DIRECTIONS FOR THIS TASK —
Only an exact copy is wanted: the lines from the one holding "Zwei Smartphones mit" through the last line below, minus the pictures.

ENTRIES PROVIDED —

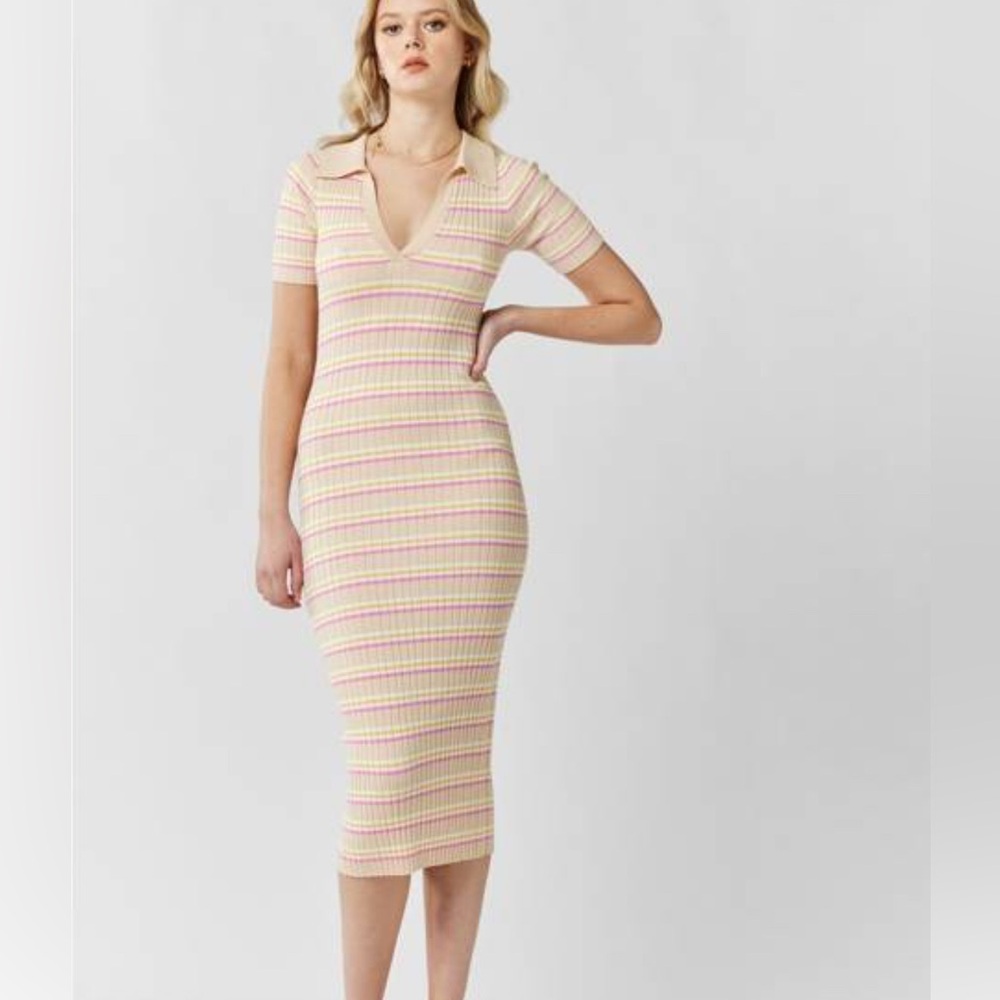 🆕 NWT Zara Striped Midi Dress in Cream and Pink Size Small
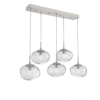 PLB0068-05-BS-FC-Hammerton-Studio-Nebula-Nova-5-light-linear-pendant-chandelier-with-beige-silver-finish-and-clear-blown-glass-with-floret-clear-cast-glass-diffusers-and-LED-lamping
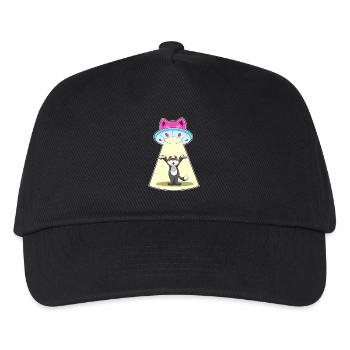 Katze Raumschiff Weltraum - Kinder Basecap - Schwarz - Vorne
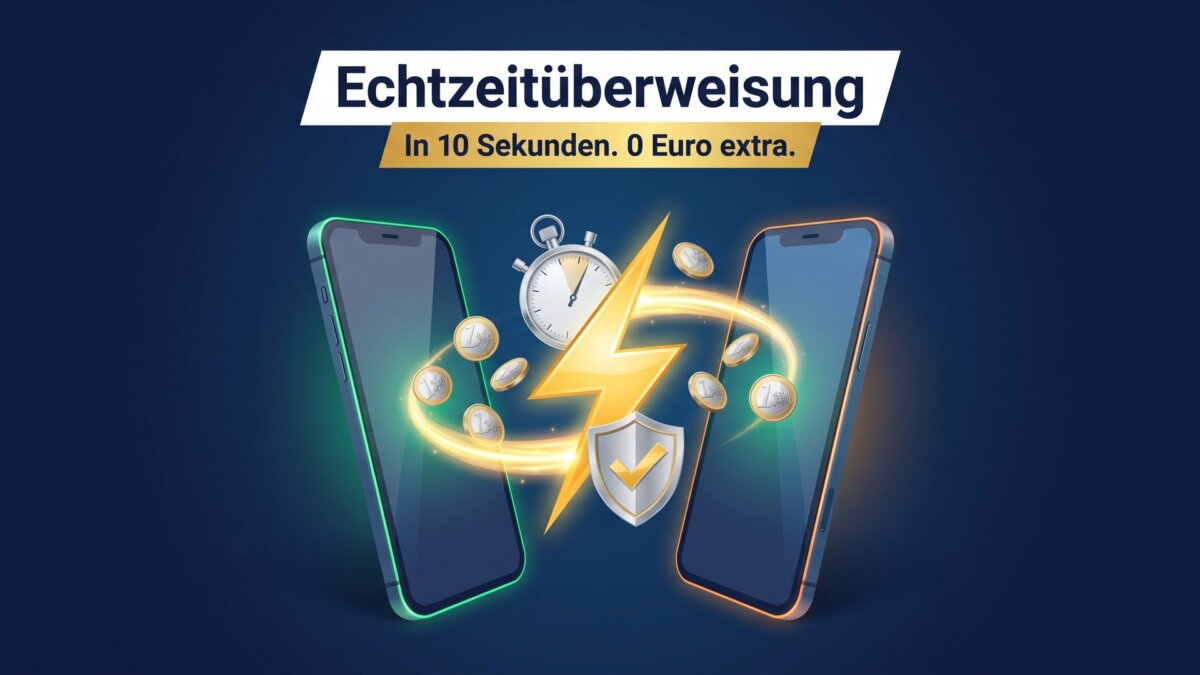 Zwei Smartphones mit Blitz, Stoppuhr, Euro-Münzen und Prüfsiegel-Schild: Echtzeitüberweisung in 10 Sekunden ohne Aufpreis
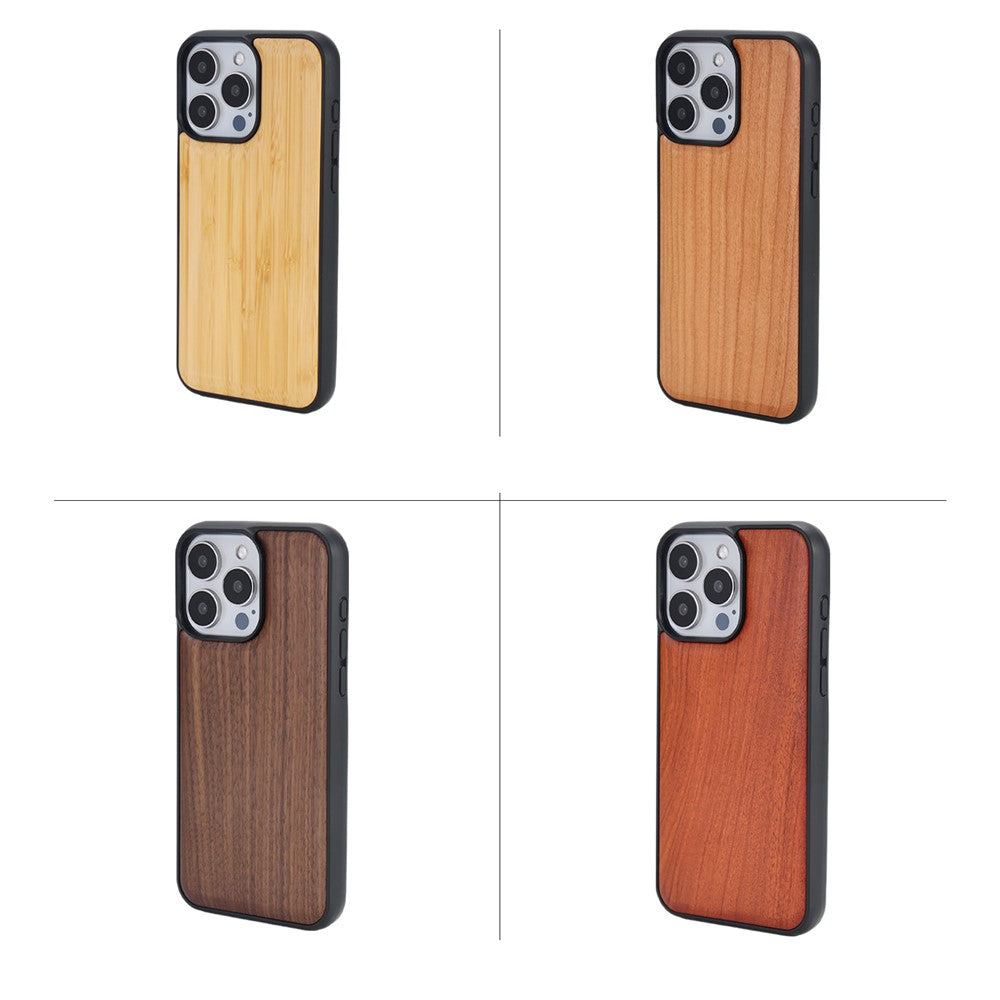 Til iPhone 15 Pro Magnetisk Cover Træ + PC + TPU Stødsikkert Beskyttelsescover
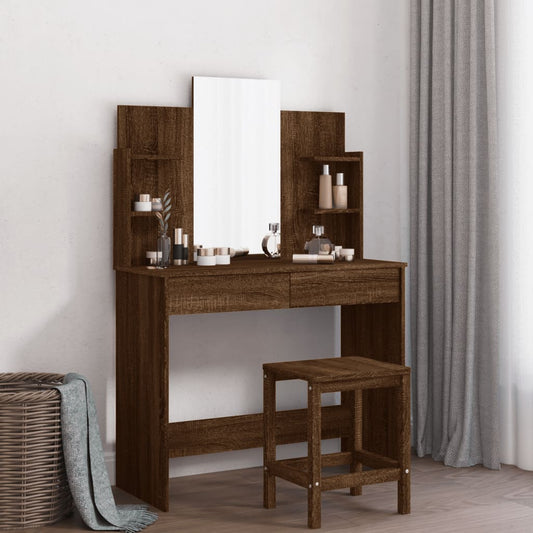 Dressing Table with Mirror Brown Oak 96x39x142 cm - Bedroom Dressing Tables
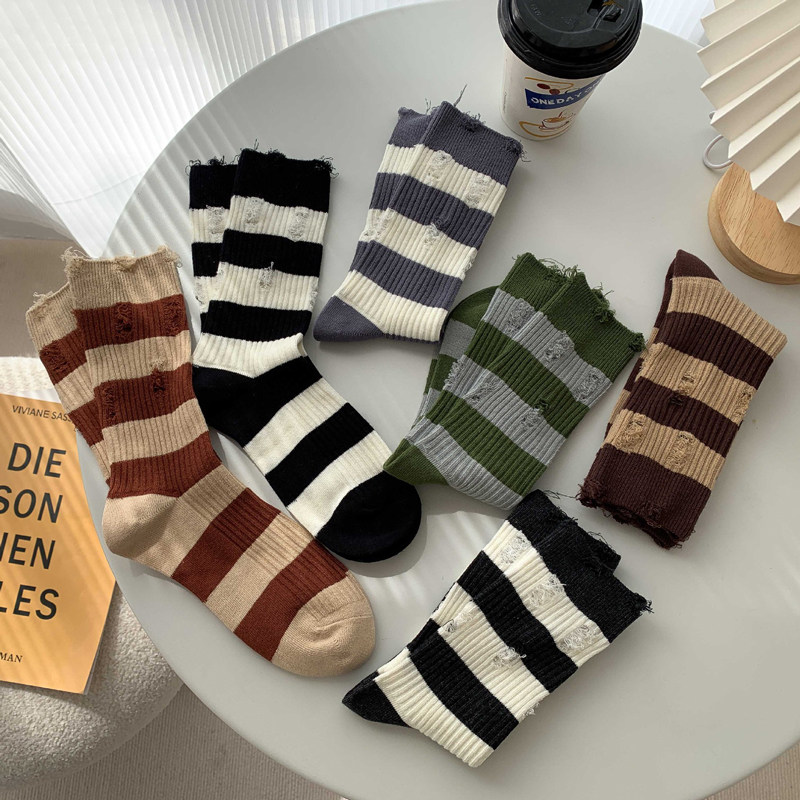 条纹破洞袜子女中筒ins潮乞丐袜堆堆袜日系小红书爆款韩国东大门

RESULT FOR THIS TASK —
 Zwei Smartphones mit Blitz, Stoppuhr, Euro-Münzen und Prüfsiegel-Schild: Echtzeitüberweisung in 10 Sekunden ohne Aufpreis
 Til iPhone 15 Pro Magnetisk Cover Træ + PC + TPU Stødsikkert Beskyttelsescover
 Dressing Table with Mirror Brown Oak 96x39x142 cm - Bedroom Dressing Tables
 条纹破洞袜子女中筒ins潮乞丐袜堆堆袜日系小红书爆款韩国东大门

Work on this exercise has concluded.